Not all Fridays are great. Sometimes they bring out Friday Mom. You know the kind of Fridays I mean. They should be fun. But they turn into stress.

For example, on a recent Friday morning, we had one hour before we had to leave home for a field trip. Of course, you know what happened—chaos.

After the three-ring-circus of getting dressed, we still had schoolwork to do for the day, and I intended to use every second of the 9.5 minutes we had left before heading out. So we quickly gathered in the living room for the speediest round of read alouds known to man. At one point, I even considered letting my oldest child read a book solo while I was reading a different book to save time. Yes, Friday Mom had returned for another episode again this week.

Crazy right?

This breakneck pace is how it has gone for far too many Fridays in my house. The Friday list in my homeschool planner had become just another box to check. I knew that there was no learning happening because I was furiously trying to cram in field trips, play dates, co-op, and a full day of school.
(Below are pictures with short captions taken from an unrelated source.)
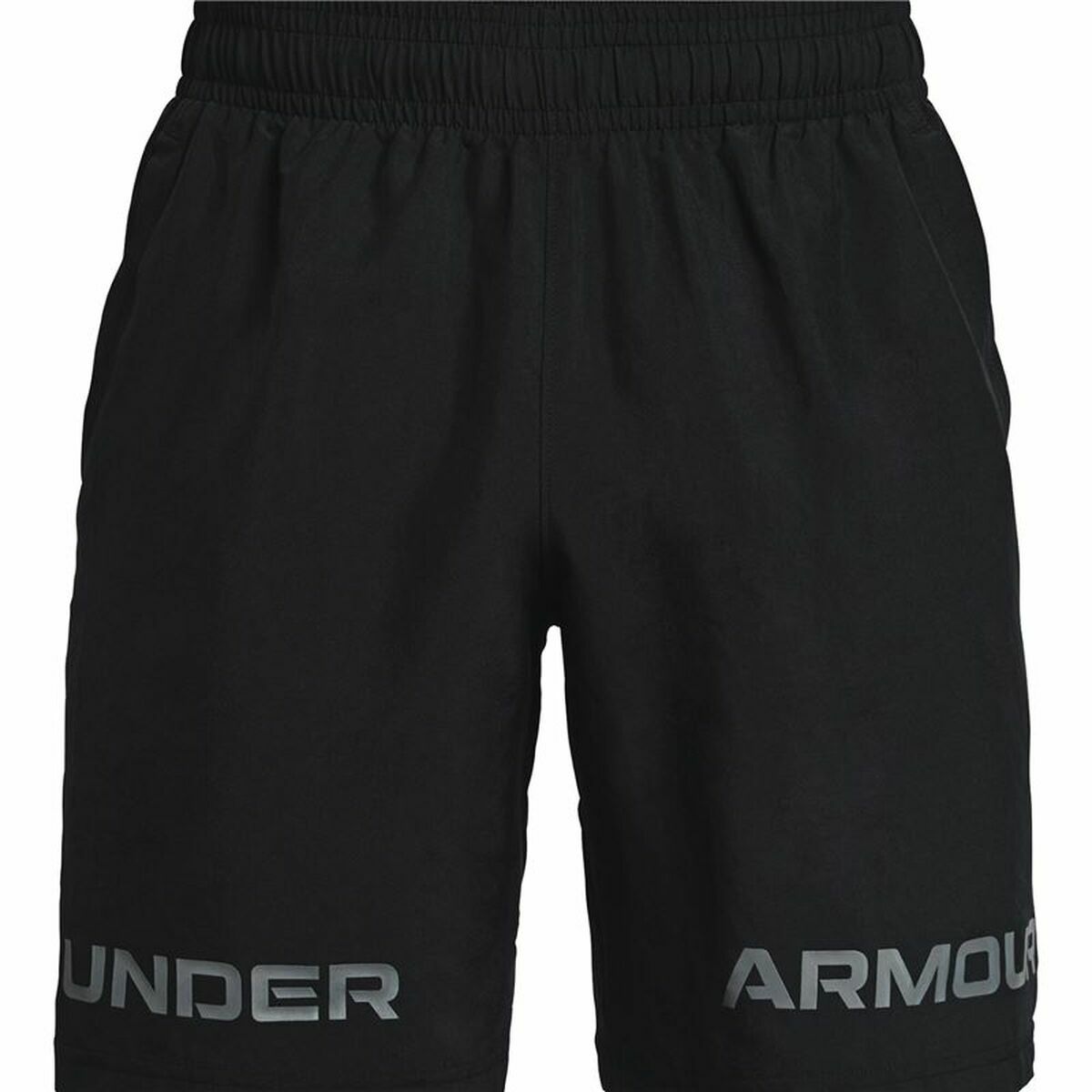 Under Armour Men's Shorts - Black von Under Armour | BYAG.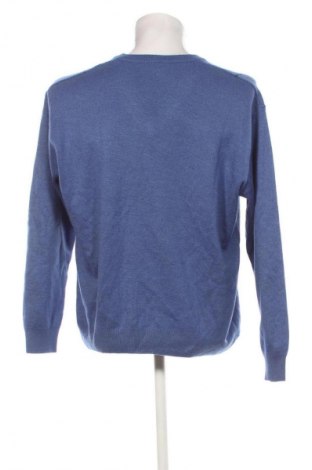 Herrenpullover Gabicci, Größe L, Farbe Blau, Preis € 21,99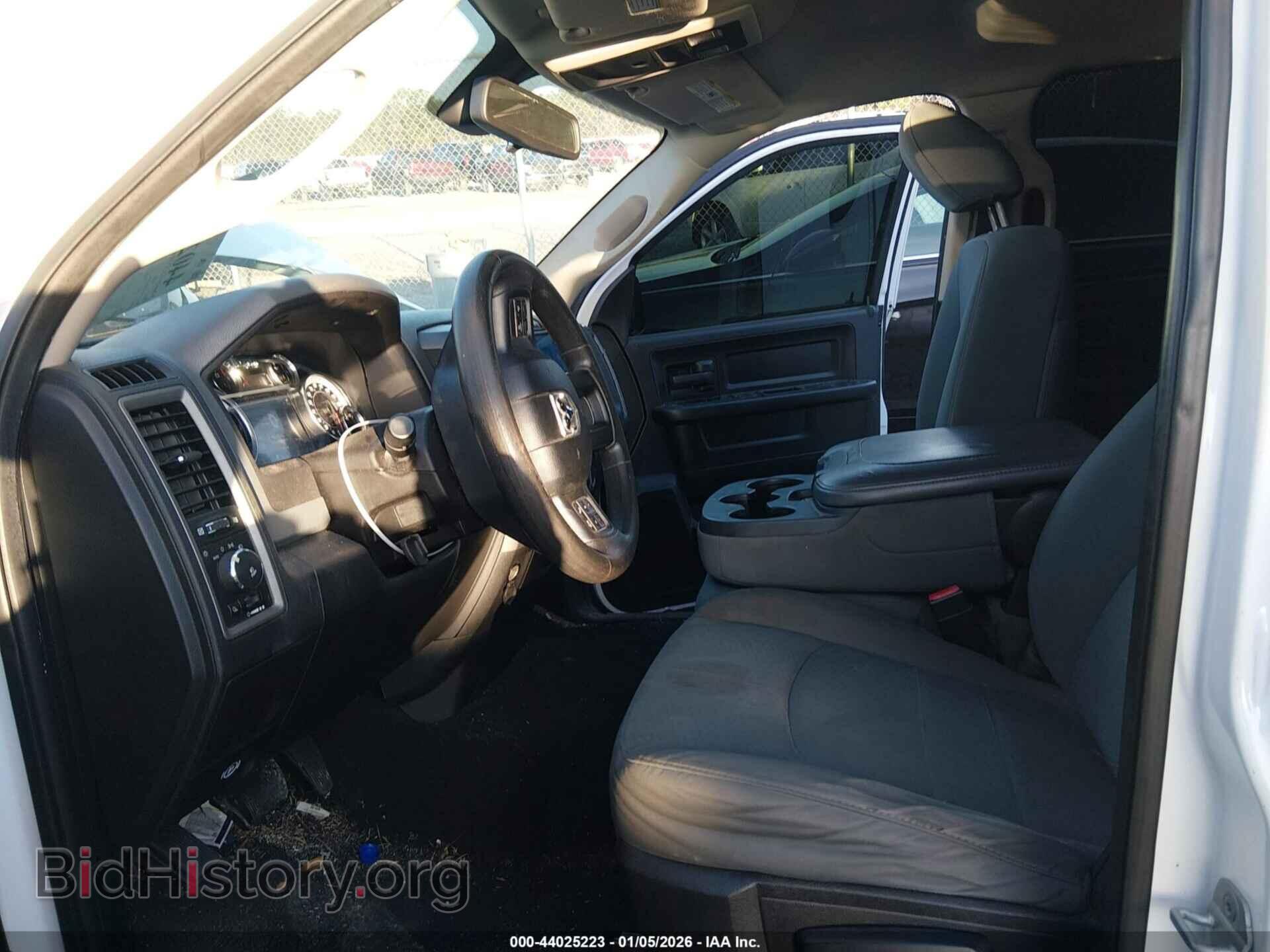 2013 RAM 1500 - VIN: 1C6RR6FT8DS656708 - Photo 5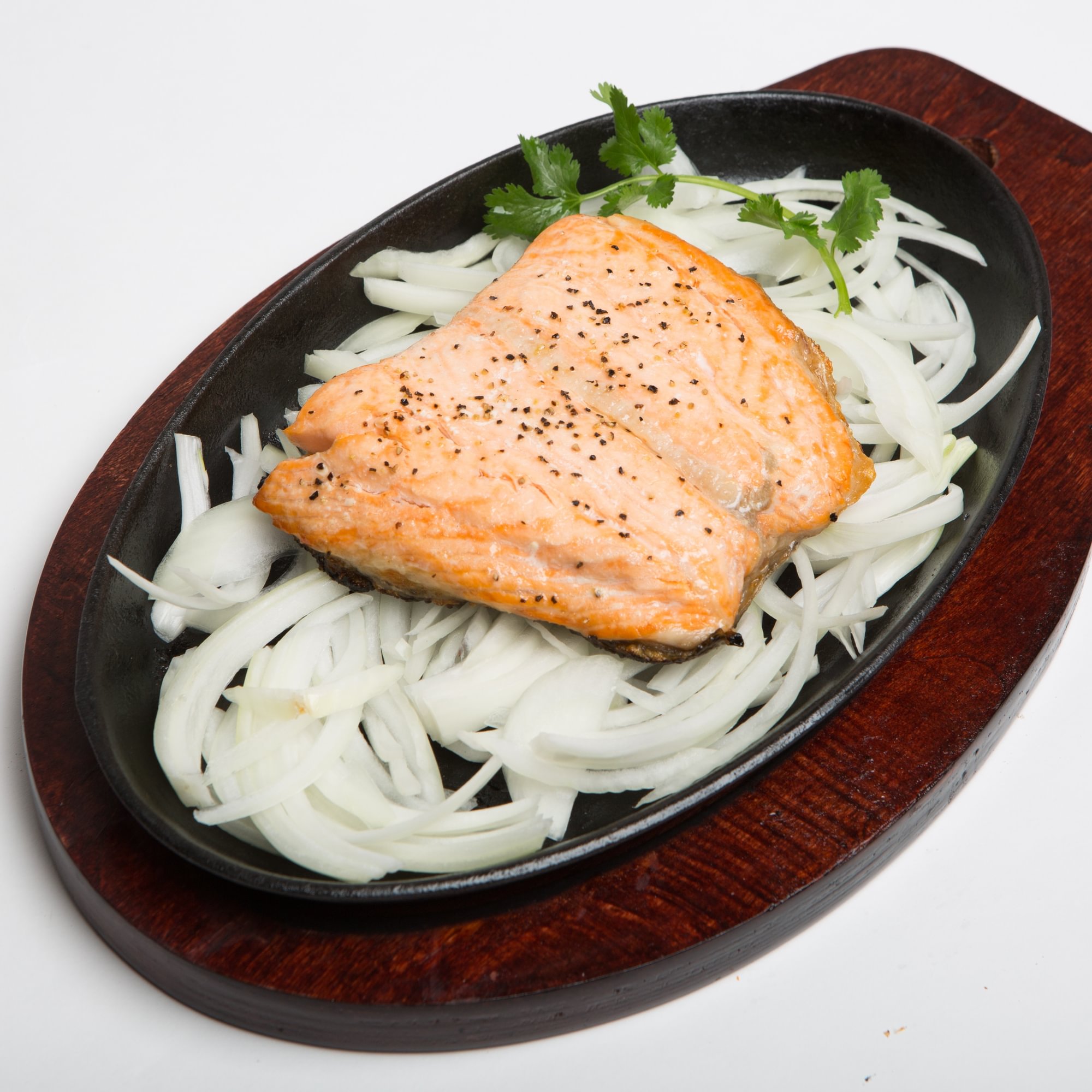 Salmon Teriyaki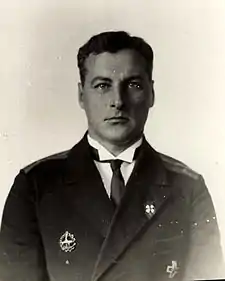 Nestor Monastyrev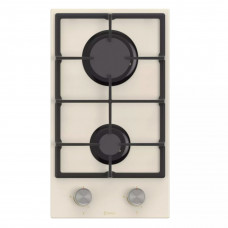 Газова поверхня на склі PERFELLI PERLA G32C BEIGE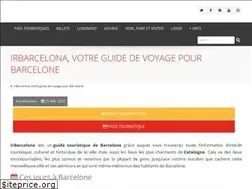 Sites similar to irbarcelona.fr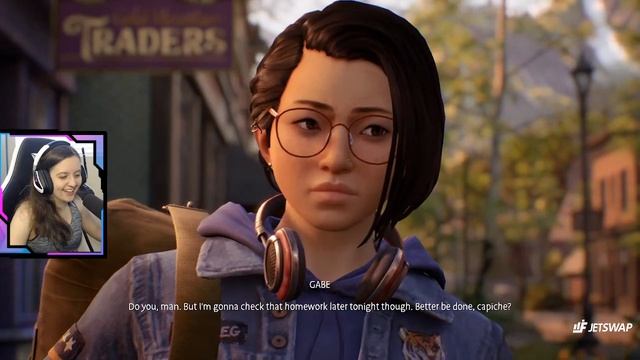 All The Feels, New LIFE IS STRANGE Playthrough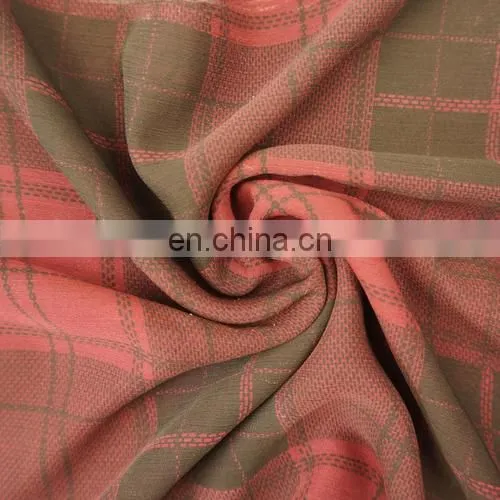 High quality printed 75D*75D crinkle chiffon/crepe GGT fabric for dresses/blouses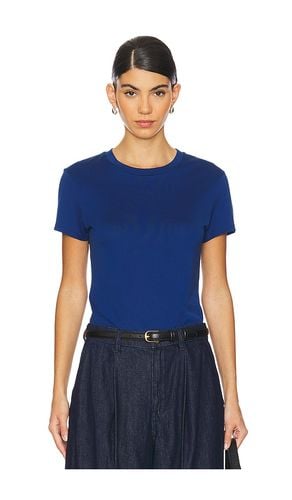 Camiseta en color azul talla M en - Blue. Talla M (también en S, XL, XS) - Theory - Modalova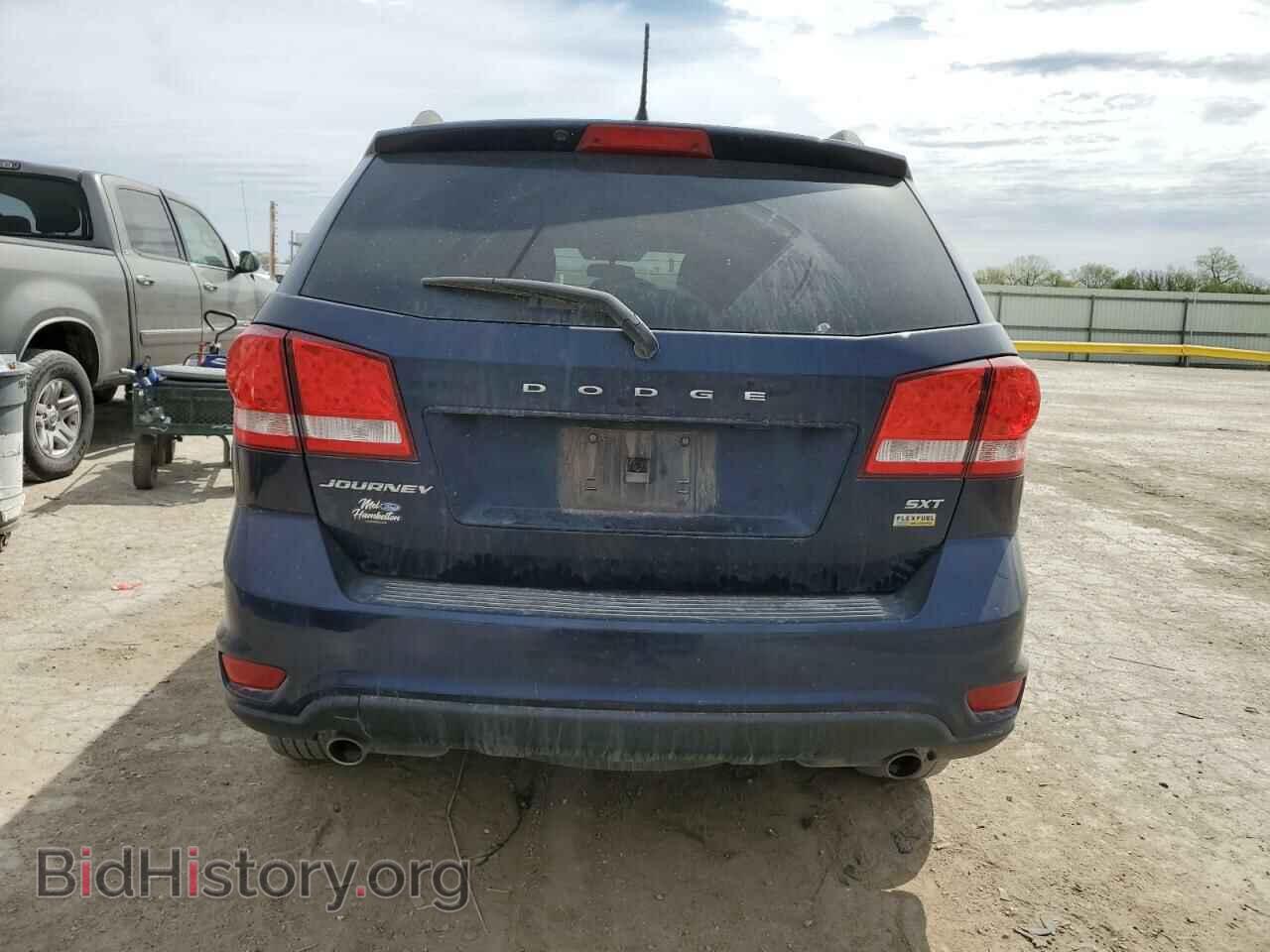 2017 DODGE JOURNEY - VIN: 3C4PDCBG6HT523374 - Photo 6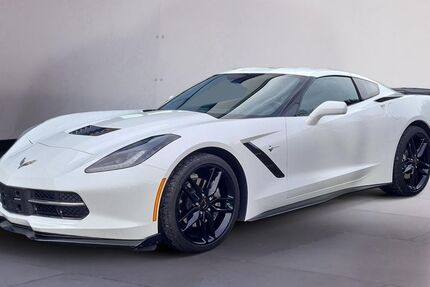 Corvette C7 6.346 km 70.990 &euro; Trostberg 83308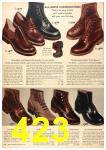 1956 Sears Spring Summer Catalog, Page 423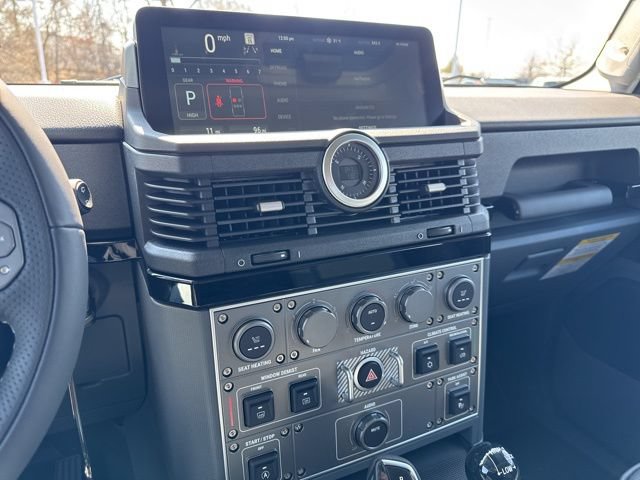 New 2026 INEOS Grenadier Station Wagon AWD/4WD image 13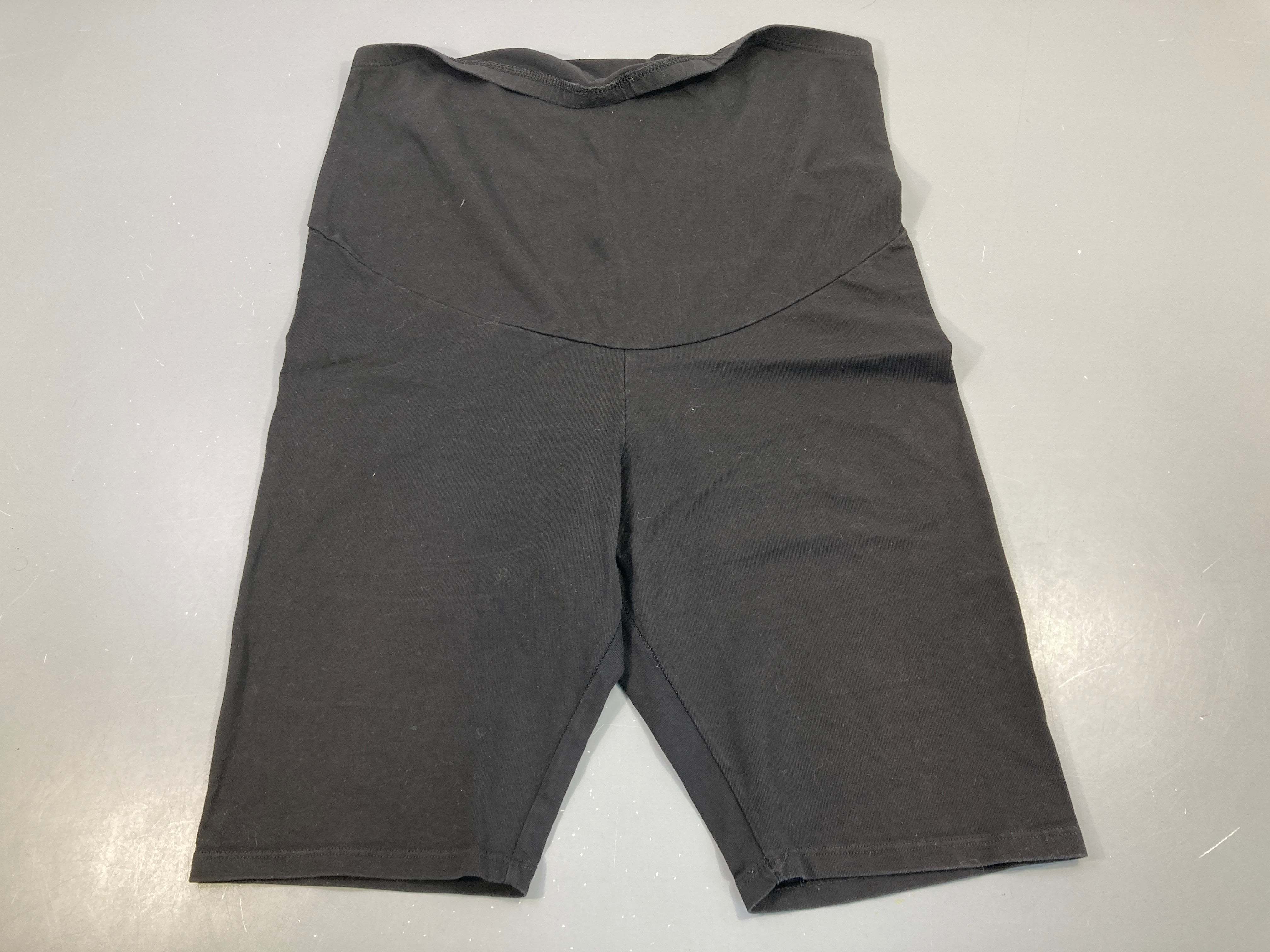 Legging court noir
Shifting to a Four-Day Homeschool Schedule

An easy solution to prevent Friday Mom syndrome is to shift to a 4-day schedule instead of insisting on doing school five days each week. Here are three huge benefits I've found as a result of this new, compact schedule.

Family Flexibility

It’s essential to your family's well being to schedule time for relaxation. After busy weeks full of church, sports practice, and dance recitals, families simply need rest. If you feel pulled in too many directions with a busy schedule, a four-day homeschool schedule can provide you with margin to relax and restore your spirit so that you are ready to press forward the next day.

Educational Enrichment

Homeschool parents everywhere lament that there’s not enough time to fit in the fun extracurriculars, hands-on projects, and outside activities. And what a shame! Doing the fun extras is probably one of the reasons we chose to homeschool in the first place. But exactly like public schools, homeschoolers can get bogged down in the academics and neglect to make time for the extras that are so important to us.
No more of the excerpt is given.